O lado inexistente nasce exatamente nesse intervalo: entre o real e o percebido. A filosofia sempre suspeitou desse espaço. Platão já intuía que o mundo visível não esgota o que é. Kant mostrou que há limites claros para o conhecimento humano: o “númeno”, a coisa em si, não se oferece diretamente à experiência. Assim, o inexistente pode ser apenas o real que ainda não se deixa capturar.

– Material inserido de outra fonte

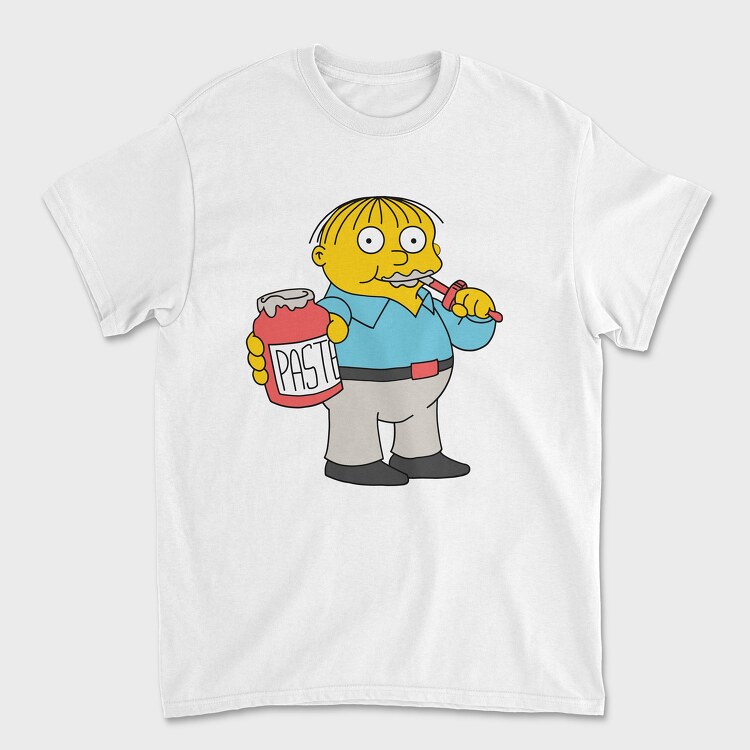 Tricou Barbati (Unisex), Ralph Wiggum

Na vida concreta, o lado inexistente aparece de forma silenciosa. Ele está nas intenções que não se transformaram em atos, nas palavras que nunca foram ditas, nas decisões evitadas. Não são “nadas”. São potências. Aristóteles chamaria isso de dynamis: aquilo que pode ser, mas ainda não é. O erro comum é tratar a potência como vazio, quando na verdade ela é um campo carregado de possibilidade.
Há também um inexistente criado por nós mesmos. Quando negamos uma dor, um conflito interior ou uma responsabilidade, decretamos artificialmente sua inexistência. Porém, o que é negado não desaparece; apenas atua de forma oculta. O lado inexistente, nesse sentido, torna-se uma força subterrânea que molda escolhas, medos e comportamentos sem pedir permissão.
Curiosamente, a ciência moderna reforça essa intuição filosófica. Antes de serem observadas, partículas subatômicas pareciam “não existir” de forma definida. Hoje sabemos que elas operam em estados de probabilidade. O inexistente, então, não é o oposto do real, mas um modo diferente de ser real.
Refletir sobre o lado inexistente é um exercício de humildade intelectual. Ele nos lembra que o mundo é maior do que nossas categorias, e que a verdade não se limita ao que já foi nomeado. O inexistente não é um vazio absoluto; é uma fronteira. E toda fronteira é um convite: ou para ampliar o olhar, ou para permanecer confortavelmente cego.
Enfim, talvez o lado inexistente não seja aquilo que não existe, mas aquilo que ainda não ousamos reconhecer.